*** Begin section ***

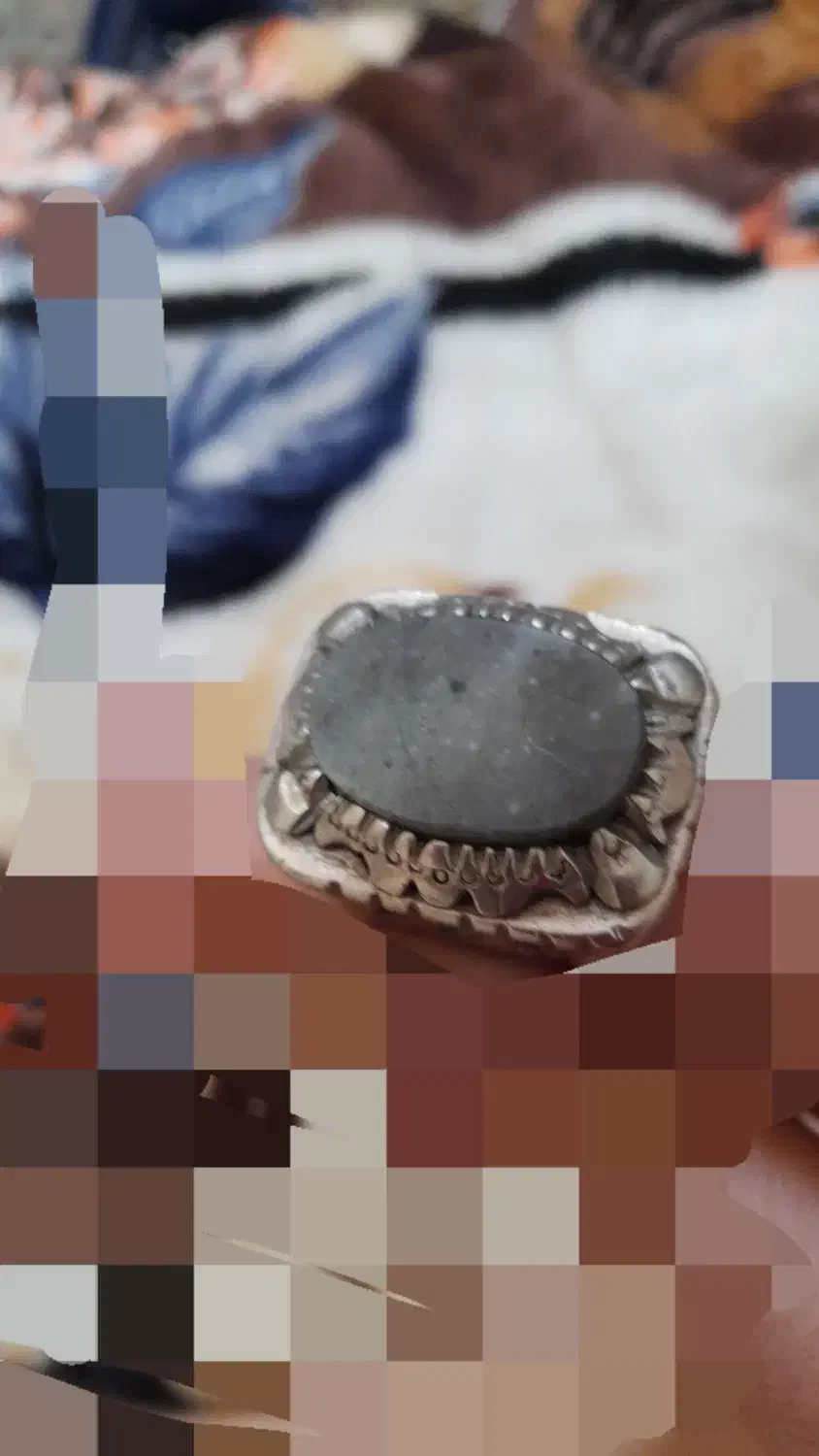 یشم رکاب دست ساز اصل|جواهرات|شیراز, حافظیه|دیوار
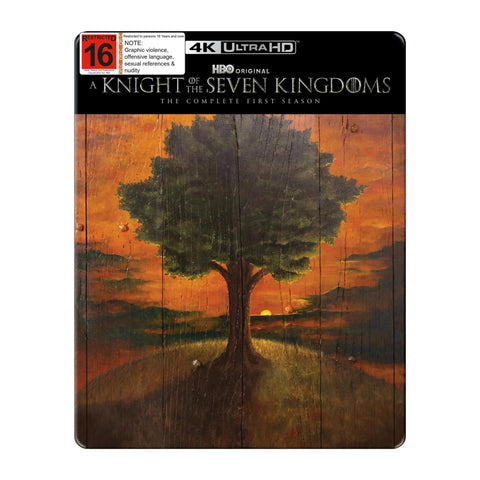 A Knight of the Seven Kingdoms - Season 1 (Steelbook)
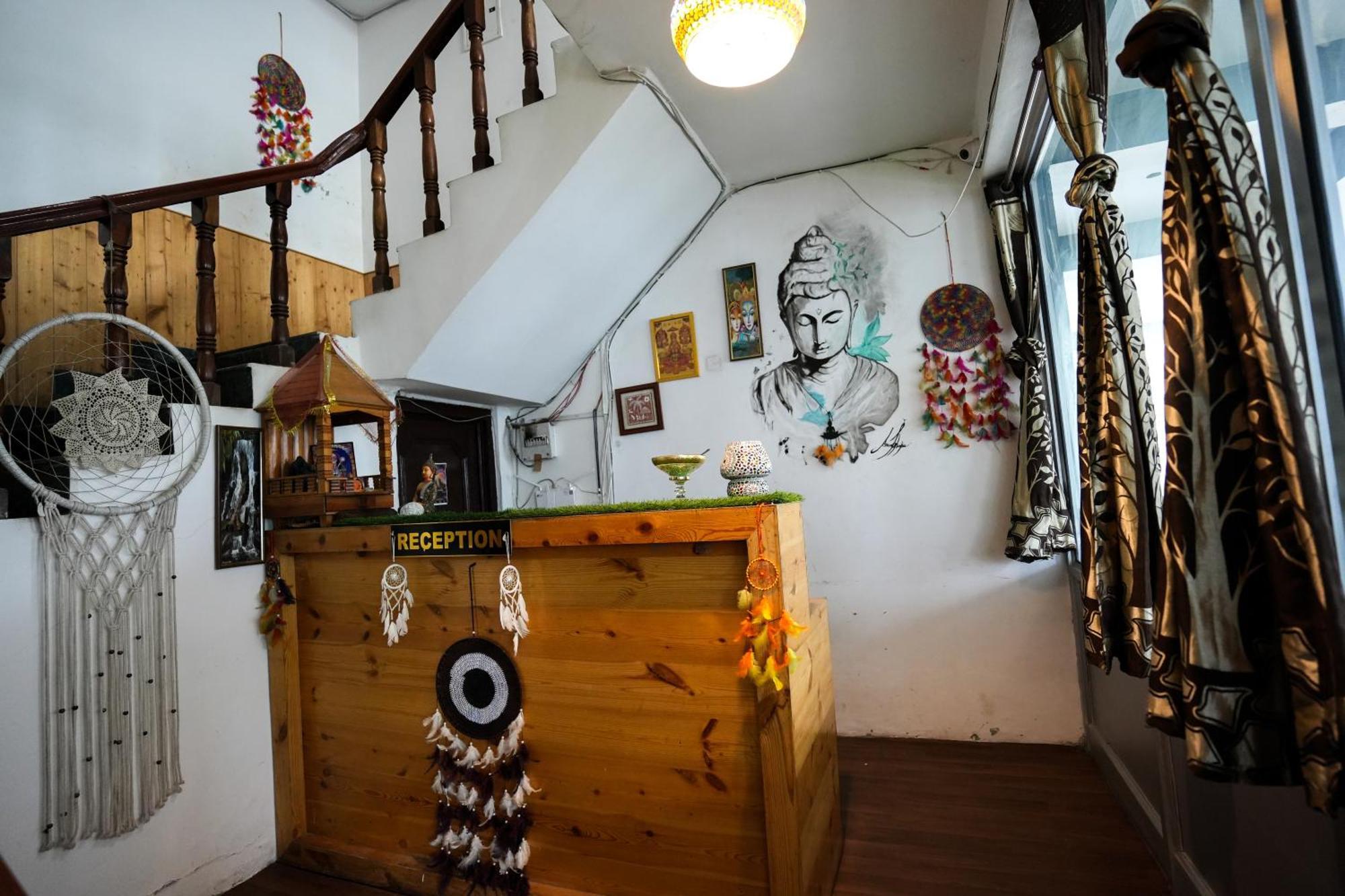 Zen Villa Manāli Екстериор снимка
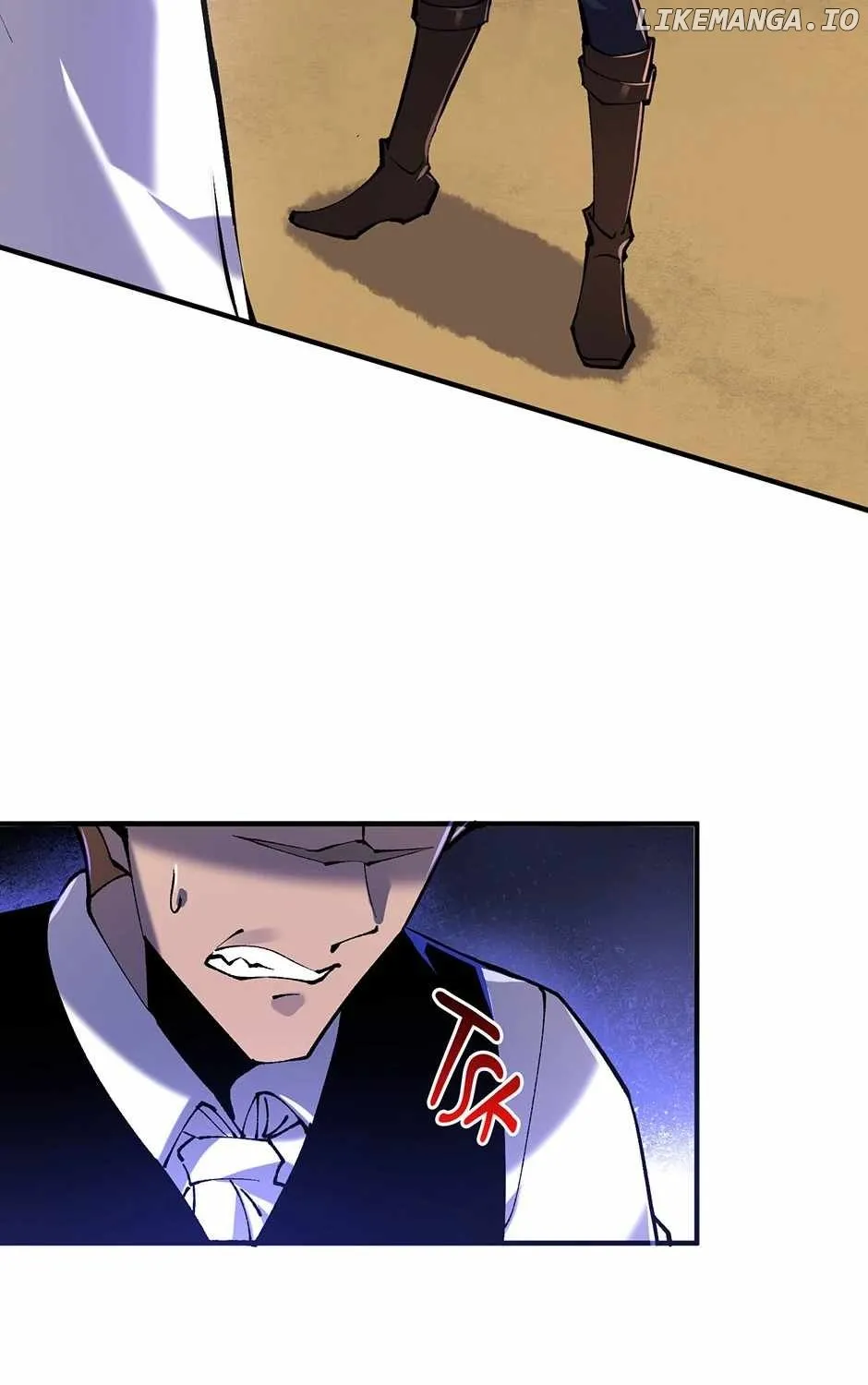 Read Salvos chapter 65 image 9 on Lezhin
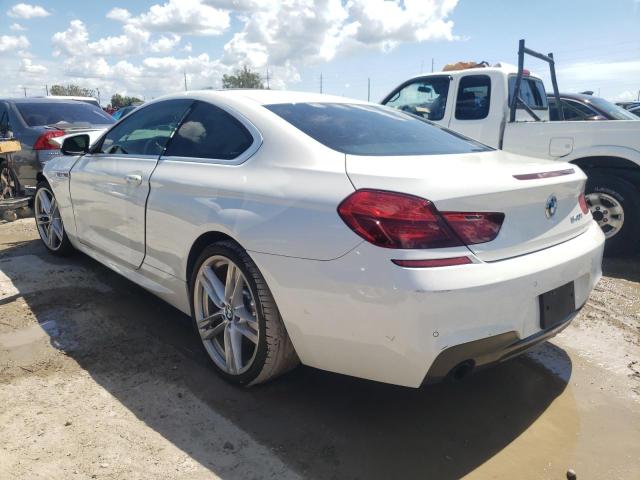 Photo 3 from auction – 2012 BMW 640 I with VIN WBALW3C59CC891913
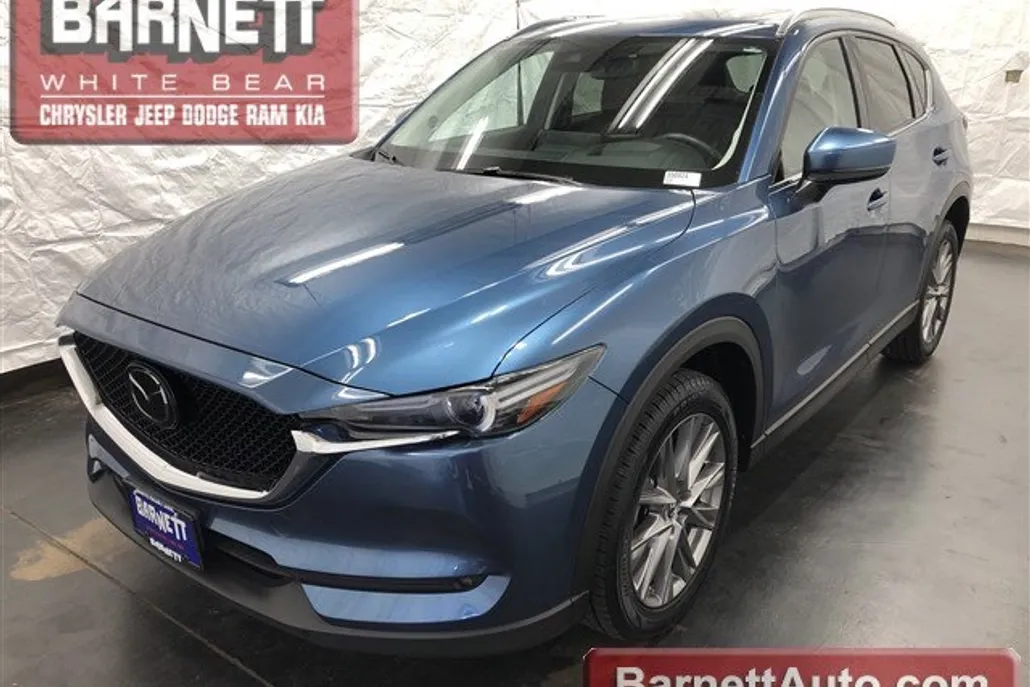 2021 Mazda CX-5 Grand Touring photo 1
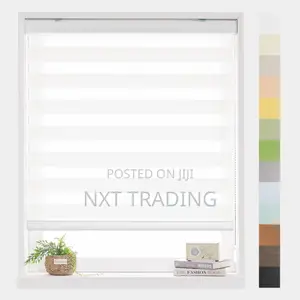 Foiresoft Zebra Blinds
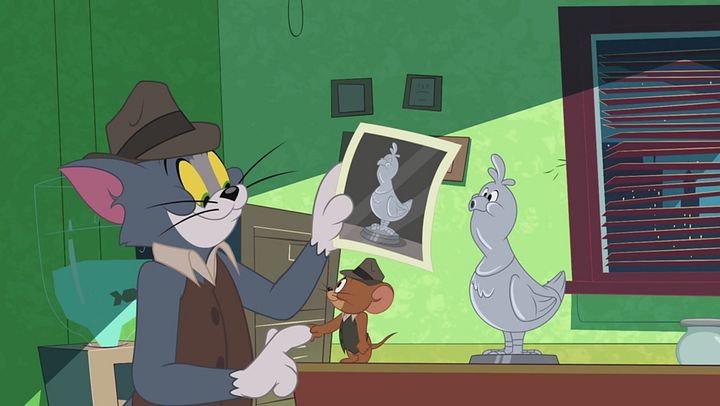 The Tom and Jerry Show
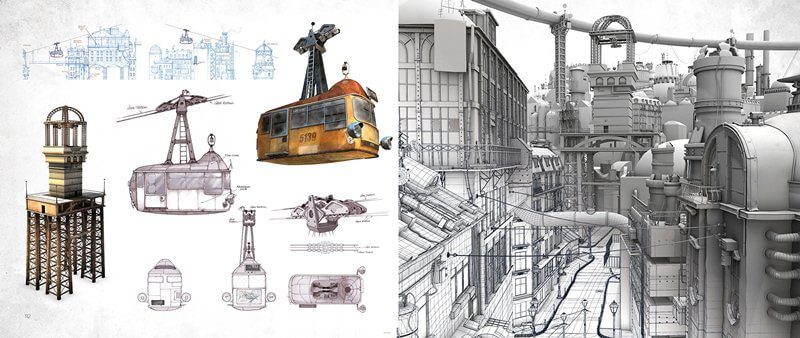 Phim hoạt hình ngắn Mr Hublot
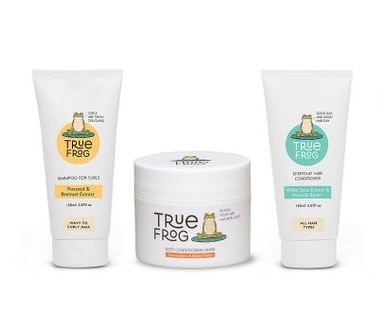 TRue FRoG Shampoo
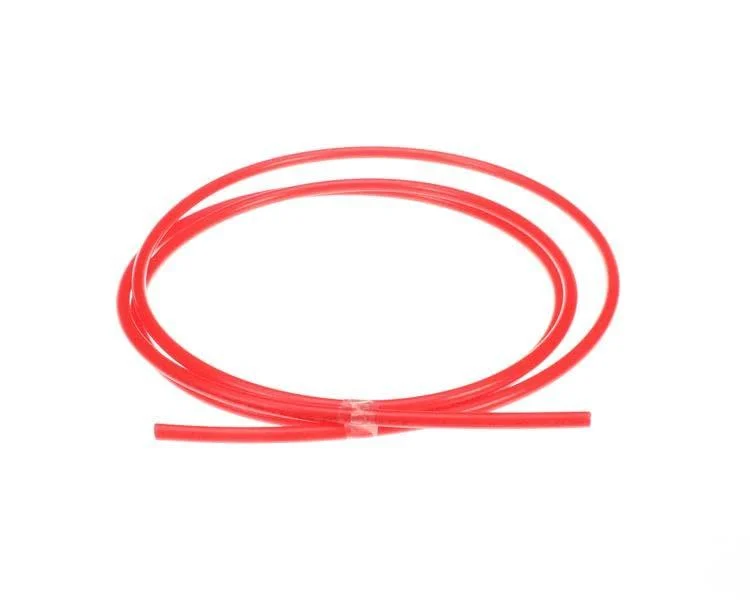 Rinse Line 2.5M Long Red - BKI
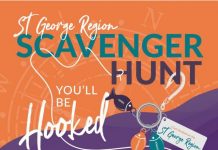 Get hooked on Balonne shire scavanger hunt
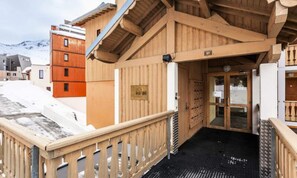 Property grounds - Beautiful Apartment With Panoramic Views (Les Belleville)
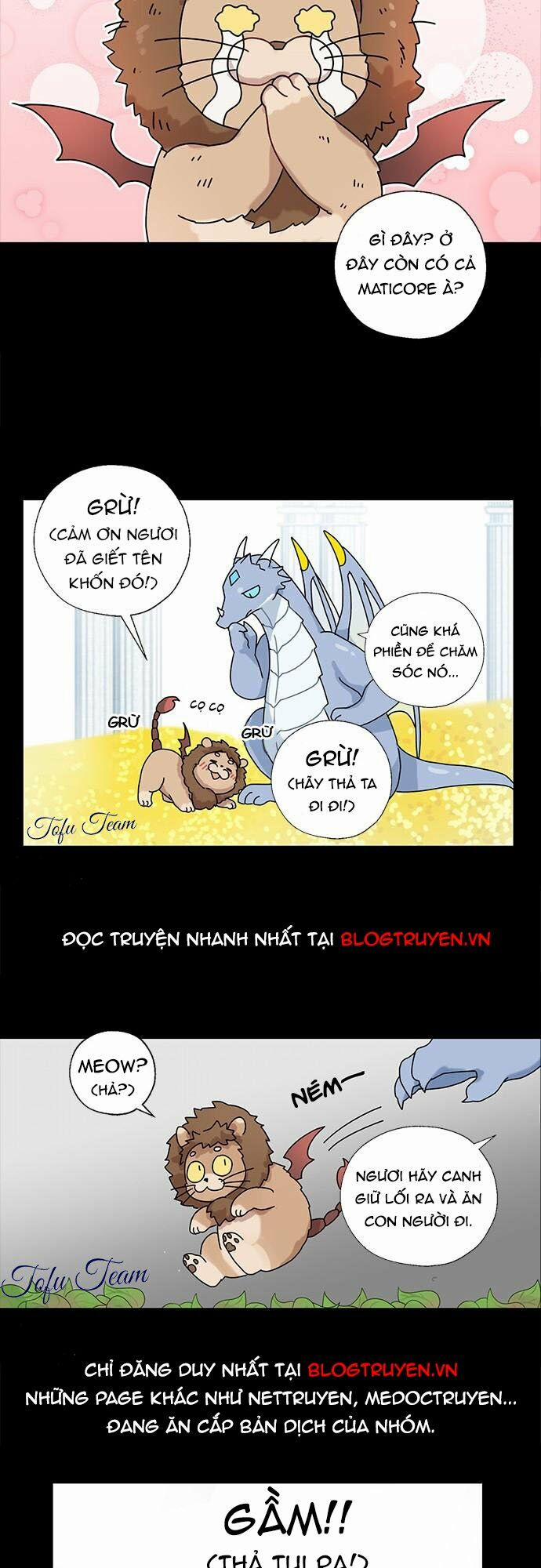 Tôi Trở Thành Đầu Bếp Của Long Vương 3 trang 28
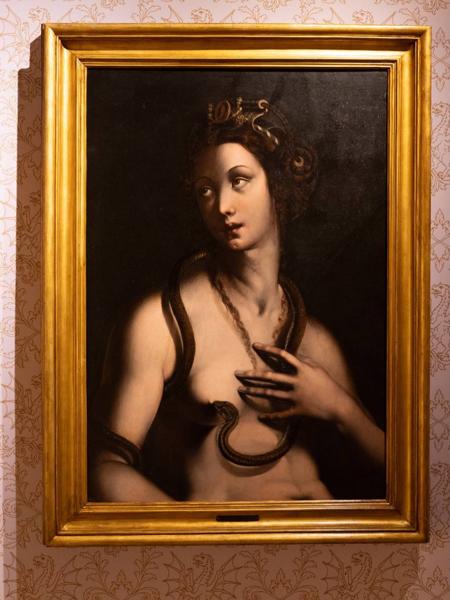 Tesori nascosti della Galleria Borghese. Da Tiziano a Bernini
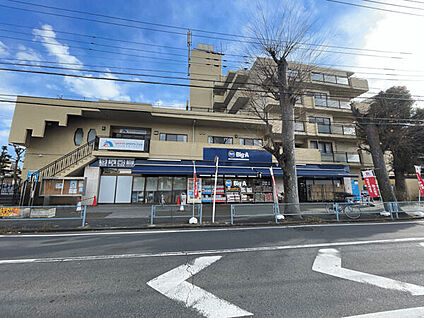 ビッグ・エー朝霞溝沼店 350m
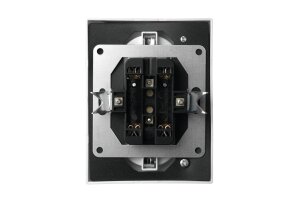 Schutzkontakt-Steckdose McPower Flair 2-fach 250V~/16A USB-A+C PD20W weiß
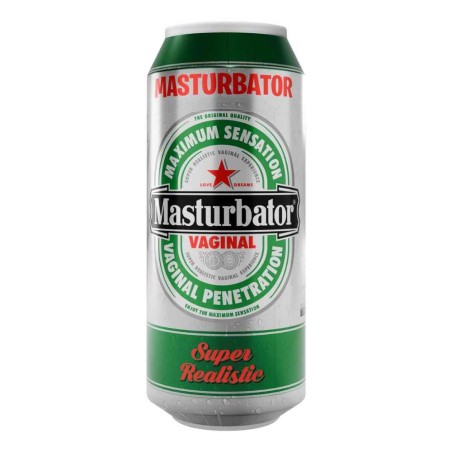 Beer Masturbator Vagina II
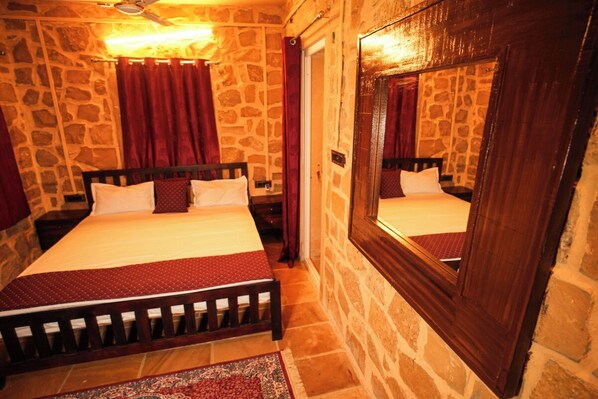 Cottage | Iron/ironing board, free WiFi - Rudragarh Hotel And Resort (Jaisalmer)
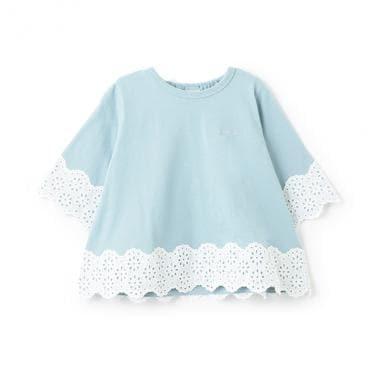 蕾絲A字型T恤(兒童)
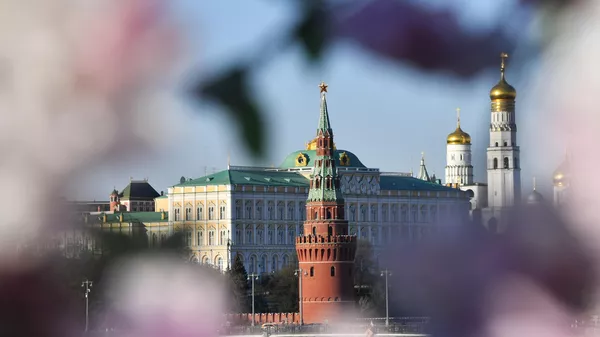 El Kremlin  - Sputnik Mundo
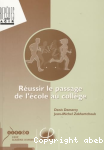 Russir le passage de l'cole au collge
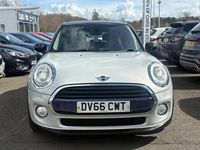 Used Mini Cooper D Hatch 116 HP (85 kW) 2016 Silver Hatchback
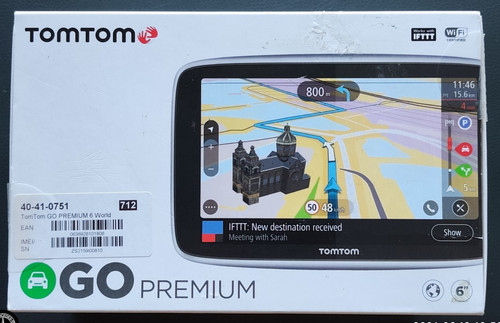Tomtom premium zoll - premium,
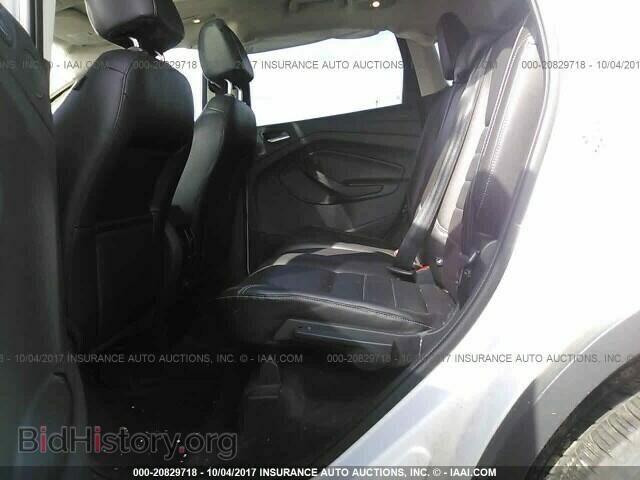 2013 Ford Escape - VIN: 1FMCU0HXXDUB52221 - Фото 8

*** End section ***

> **Your instructions**: Without copying any picture, repeat the full listing above word for word.

> **Answer**:
 یشم رکاب دست ساز اصل|جواهرات|شیراز, حافظیه|دیوار
 A Knight of the Seven Kingdoms - Season 1 (Steelbook)
 Zen Villa Manāli Екстериор снимка
 Read Salvos chapter 65 image 9 on Lezhin
 Photo 3 from auction – 2012 BMW 640 I with VIN WBALW3C59CC891913
 2021 Mazda CX-5 Grand Touring photo 1
 Foiresoft Zebra Blinds
 The Tom and Jerry Show
 Phim hoạt hình ngắn Mr Hublot
 TRue FRoG Shampoo
 Rinse Line 2.5M Long Red - BKI
 Get hooked on Balonne shire scavanger hunt
 Property grounds - Beautiful Apartment With Panoramic Views (Les Belleville)
 Tôi Trở Thành Đầu Bếp Của Long Vương 3 trang 28
 Tesori nascosti della Galleria Borghese. Da Tiziano a Bernini
 ビッグ・エー朝霞溝沼店 350m
 Schutzkontakt-Steckdose McPower Flair 2-fach 250V~/16A USB-A+C PD20W weiß
 Beer Masturbator Vagina II
 Cottage | Iron/ironing board, free WiFi - Rudragarh Hotel And Resort (Jaisalmer)
 蕾絲A字型T恤(兒童)
 El Kremlin  - Sputnik Mundo
 Russir le passage de l'cole au collge
 Used Mini Cooper D Hatch 116 HP (85 kW) 2016 Silver Hatchback
Tomtom premium zoll - premium,
 2013 Ford Escape - VIN: 1FMCU0HXXDUB52221 - Фото 8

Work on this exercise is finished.